柴田:肝心のステレオカメラによる制御技術が追いつかず、CCD方式のカメラを使った初期のADAでは満足できる結果がなかなか出ませんでした。現在、SUBARU Labに所属する齋藤徹・副所長が、初代アイサイトの画像処理を担当していたのですが、精度が高まらず一緒になって悪戦苦闘したことをよく覚えています。

諦めず研究を積み重ね徐々に精度が高まってくると、今度は夜間の精度が足りないという問題が発生しました。

初代アイサイトのステレオカメラ(2008年)(写真:SUBARU)

そこでわれわれは基本に立ち返ったのです。人の眼では夜間に対応できるのにカメラではなぜ、それができないかという原点から考え直しました。当時、最新のスペックを誇っていた最新のマイコンを使い、なぜ、対応できないのか……。開発の現場では、その“なぜ?”に徹底してこだわり、各人が自問自答しながら、徹底的に深いところまで開発にのめり込んだのです。

多大な時間と労力を費やし、ついに夜間の精度が高まりました。でもまた次の課題が発生。雨天での制御内容に不足が見つかりました。しかしわれわれはあきらめず、そこでまた深いところまで開発を落とし込み……、完成に至るまでその繰り返しでした。

なにしろ、ステレオカメラのスペックからシステム全体の構成、ステレオカメラを収める筐体や車両制御プログラムに至るまでゼロからシステムを作り上げていったので、相当な労力を必要としました。

ミリ波レーダー搭載で課題は大きく改善

――ステレオカメラにミリ波レーダーを組み合わせた進化型ADA(2003年)もありましたよね。

柴田:はい、われわれは「ADA3」と呼んでいます。ミリ波レーダーを搭載することでこれまでの課題は大きく改善し、滑らかなブレーキ制御技術など有用性の高い機能をたくさん追加しています。

――ただ、価格がネックになったようで、前モデルの「ADA2」(2001年)からさらに高価格になりましたよね。

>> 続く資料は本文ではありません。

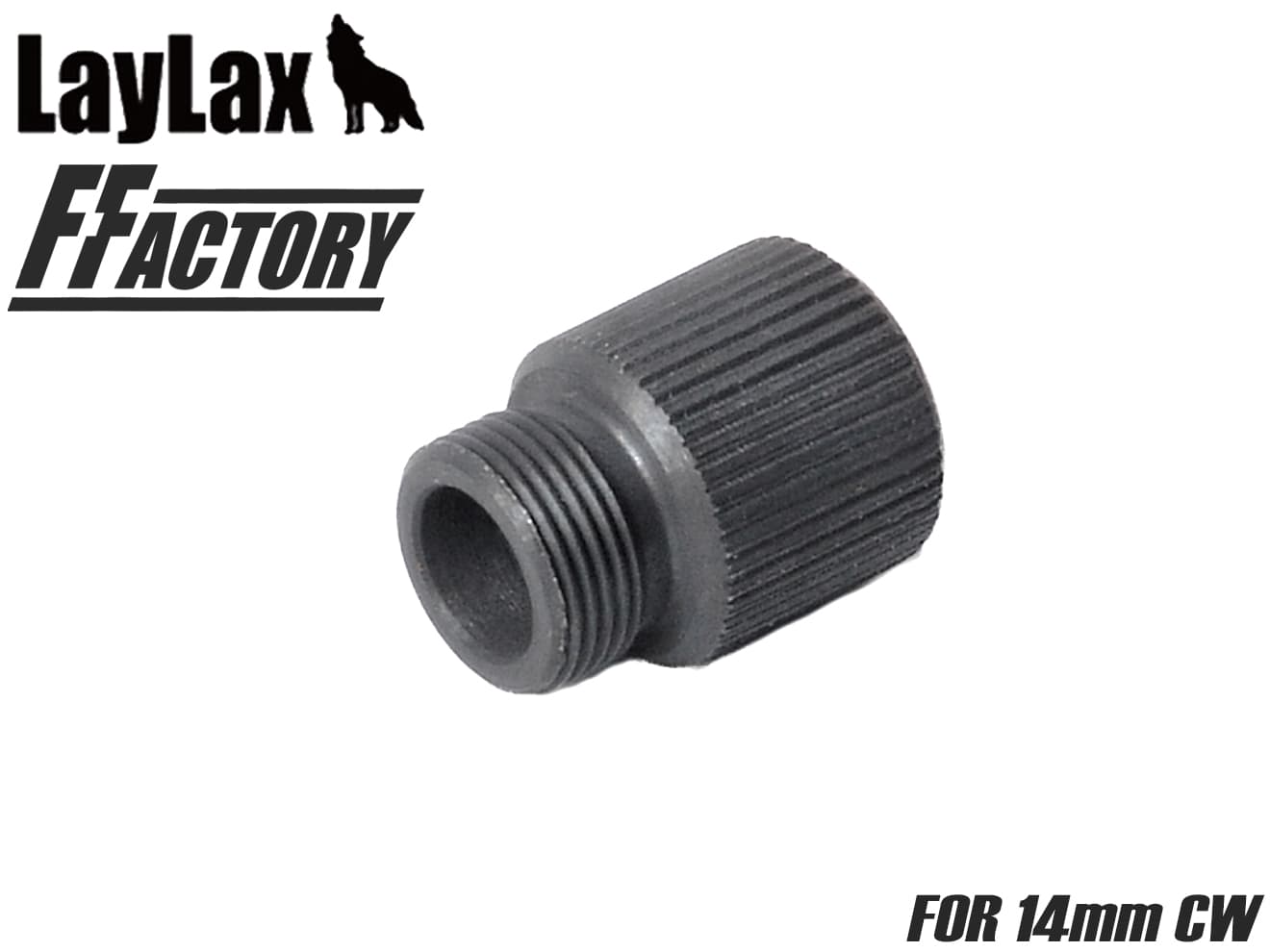 LayLax F.FACTORY サイレンサーアタッチメント 正逆変換 14mm正ネジ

柴田:はい。それもあり、販売台数はそれほど伸びませんでした。

――2006年にはLiDAR(別名/レーザーレーダー)を使った「SIレーダークルーズコントロール」搭載車が発売されました。当時、私も首都高速道路や東名高速道路で試乗しましたが、全車速追従機能付のクルーズコントロール(現在のACCに近い前走車追従機能)の精度が高かった印象です。「割り込み車両に対するブレーキ制御が滑らか。ステレオカメラに複数のミリ波レーダーで制御を行うレクサスLS(2006年モデル)と同レベル」というレポートを工学専門誌に寄稿したくらいです。

柴田:4代目レガシィのツーリングワゴンとセダンであるB4に設定しました。

――SIレーダークルーズコントロールは4代目レガシィに初搭載された「SI-DRIVE」(Subaru Intelligent Drive/現在の可変ドライブモードに相当)との連携も図られていて、「インテリジェントモード」選択時は燃費性能が向上するよう前走車への追従を滑らかにするなど画期的でしたよね。そしていよいよ、初代「アイサイト」が2008年5月に誕生します。

柴田:ステレオカメラのみで、前方の車両や障害物、さらには歩行者や自転車を含めた二輪車までも認識するシステムとして作り上げました。これまでのネックだった価格も大幅に抑え、ベースモデル+20万円で販売しています。